Why the External Obliques are the Top Oblique

There are four major abdominal muscles that act as a girdle for all of your internal organs, from deepest to most superficial: the transverse abdominis, internal obliques, external obliques, and on top (and in front), the rectus abdominis.

Today, though, we’re focusing on the external obliques. I’ve always found it difficult to focus on the direction of the fibers —especially when I’m thinking of the external versus the internal obliques. When put together (rather, when put right on top of one another) the direction of the fibers form an “X”, but that hardly helps me differentiate which part of the “X” is the internal, and more importantly, which is the internal. Since knowing the direction of one muscle, in this case, helps us remember the direction of the other, let’s focus on the external oblique.
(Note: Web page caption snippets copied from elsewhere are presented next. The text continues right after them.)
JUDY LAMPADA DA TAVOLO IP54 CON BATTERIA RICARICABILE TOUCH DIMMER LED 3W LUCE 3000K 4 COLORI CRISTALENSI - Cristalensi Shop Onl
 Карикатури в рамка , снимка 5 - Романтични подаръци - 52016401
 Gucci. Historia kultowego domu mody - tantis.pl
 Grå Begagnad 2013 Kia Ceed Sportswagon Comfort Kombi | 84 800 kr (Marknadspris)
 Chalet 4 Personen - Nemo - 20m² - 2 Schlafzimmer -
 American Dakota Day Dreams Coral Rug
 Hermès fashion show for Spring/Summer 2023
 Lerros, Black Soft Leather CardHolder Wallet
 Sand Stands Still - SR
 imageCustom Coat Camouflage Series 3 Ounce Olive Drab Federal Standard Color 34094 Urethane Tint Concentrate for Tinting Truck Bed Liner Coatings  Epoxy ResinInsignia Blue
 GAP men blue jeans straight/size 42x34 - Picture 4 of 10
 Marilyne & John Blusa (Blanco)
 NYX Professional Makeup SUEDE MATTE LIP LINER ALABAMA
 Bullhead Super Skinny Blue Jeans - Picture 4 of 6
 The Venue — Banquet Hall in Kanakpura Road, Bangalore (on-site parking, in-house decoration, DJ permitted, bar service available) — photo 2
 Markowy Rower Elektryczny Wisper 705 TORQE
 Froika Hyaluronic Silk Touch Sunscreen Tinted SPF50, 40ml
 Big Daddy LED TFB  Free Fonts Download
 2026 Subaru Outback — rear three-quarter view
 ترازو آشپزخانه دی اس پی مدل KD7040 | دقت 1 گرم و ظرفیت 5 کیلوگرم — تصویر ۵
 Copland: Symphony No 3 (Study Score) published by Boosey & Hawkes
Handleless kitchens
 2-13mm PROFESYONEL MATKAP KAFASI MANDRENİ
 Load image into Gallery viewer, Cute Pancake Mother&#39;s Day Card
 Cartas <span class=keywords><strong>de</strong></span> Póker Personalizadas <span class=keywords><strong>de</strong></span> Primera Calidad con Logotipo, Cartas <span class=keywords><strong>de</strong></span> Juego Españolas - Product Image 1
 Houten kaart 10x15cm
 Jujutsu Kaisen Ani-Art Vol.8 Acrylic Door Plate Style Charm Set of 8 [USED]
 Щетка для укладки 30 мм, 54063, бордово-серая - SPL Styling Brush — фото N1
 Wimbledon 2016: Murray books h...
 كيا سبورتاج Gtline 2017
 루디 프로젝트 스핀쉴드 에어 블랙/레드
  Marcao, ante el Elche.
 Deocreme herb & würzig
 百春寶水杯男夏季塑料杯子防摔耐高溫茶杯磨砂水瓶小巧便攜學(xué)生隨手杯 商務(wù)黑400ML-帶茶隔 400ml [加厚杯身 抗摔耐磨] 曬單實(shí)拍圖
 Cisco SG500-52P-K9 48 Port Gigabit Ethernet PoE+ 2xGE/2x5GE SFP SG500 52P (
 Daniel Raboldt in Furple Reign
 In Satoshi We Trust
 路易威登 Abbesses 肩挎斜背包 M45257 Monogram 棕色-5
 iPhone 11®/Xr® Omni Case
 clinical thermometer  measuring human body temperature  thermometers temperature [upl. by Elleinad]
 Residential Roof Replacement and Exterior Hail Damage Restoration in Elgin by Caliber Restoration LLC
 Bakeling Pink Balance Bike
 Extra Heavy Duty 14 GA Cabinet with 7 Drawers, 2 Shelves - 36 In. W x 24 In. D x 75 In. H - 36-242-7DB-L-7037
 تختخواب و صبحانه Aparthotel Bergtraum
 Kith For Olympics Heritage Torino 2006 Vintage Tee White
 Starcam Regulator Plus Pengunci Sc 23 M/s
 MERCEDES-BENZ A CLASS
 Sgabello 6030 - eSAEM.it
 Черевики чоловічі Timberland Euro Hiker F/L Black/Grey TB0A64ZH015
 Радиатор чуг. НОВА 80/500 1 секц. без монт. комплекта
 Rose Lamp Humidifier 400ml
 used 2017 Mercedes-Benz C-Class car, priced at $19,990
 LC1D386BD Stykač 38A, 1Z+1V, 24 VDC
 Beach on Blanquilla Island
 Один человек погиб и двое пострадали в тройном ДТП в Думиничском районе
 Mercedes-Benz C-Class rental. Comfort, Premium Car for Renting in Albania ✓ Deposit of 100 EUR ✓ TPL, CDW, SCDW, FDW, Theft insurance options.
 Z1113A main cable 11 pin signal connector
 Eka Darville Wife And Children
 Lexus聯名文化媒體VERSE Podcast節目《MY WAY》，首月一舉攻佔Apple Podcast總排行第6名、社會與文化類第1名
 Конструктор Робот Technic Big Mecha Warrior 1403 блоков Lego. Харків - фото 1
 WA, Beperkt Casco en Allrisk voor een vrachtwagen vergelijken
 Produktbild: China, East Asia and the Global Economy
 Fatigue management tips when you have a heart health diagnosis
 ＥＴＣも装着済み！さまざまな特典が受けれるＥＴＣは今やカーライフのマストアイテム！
The external obliques are the ones “on the sides”, the side of the body…the side dish, if you will.

Awhile ago I tried to remember the direction through this convoluted method (I’m putting it here since it might help someone!).

To remember the external oblique fiber direction I would start by thinking of the internal obliques and how if you extend them they form a peak at the top, mountain-like. And, then from there I would associate that mountain with the letter “i” and “peak” referring to something metaphorically internal. Get it, “i” for internal.  

This is a messy system because by that point I haven’t even gotten to the external obliques. It’s not a far jump though since the fibers are in the opposite direction, so to get the direction of the external fibers I’d think of the internal fibers and then invert them. (I told you it’s a wild brain ride!)

Well, the good news is that I’ve found a better way. I sat down to write about the external obliques in an Instagram post (as one does) and I thought to myself, “there must be a better way!” Low and behold there is one.

It’s simple, but full of a fighter’s spirit.

External obliques form a “V”. [FACE PALM EMOJI]

The left and right external oblique fibers form a “V” when you extend them and connect them at the bottom. But, wait, there’s no “V” in external. Are we back to square one?

HARDLY! V is for victory—everyone knows that—victory that we’re going to remember the direction of the fibers. And victory, because I haven’t even told you about how the external obliques think that since they are the top and most superficial oblique muscle, they are the best, the top contender…the victorious ones. They wear their “V” with pride (too much pride if you ask the internal obliques. In fact, I wouldn’t even bring it up.).

By anatomical advantage the external obliques are, by definition, the top oblique. And, as you have read, it’s definitely gone to their head.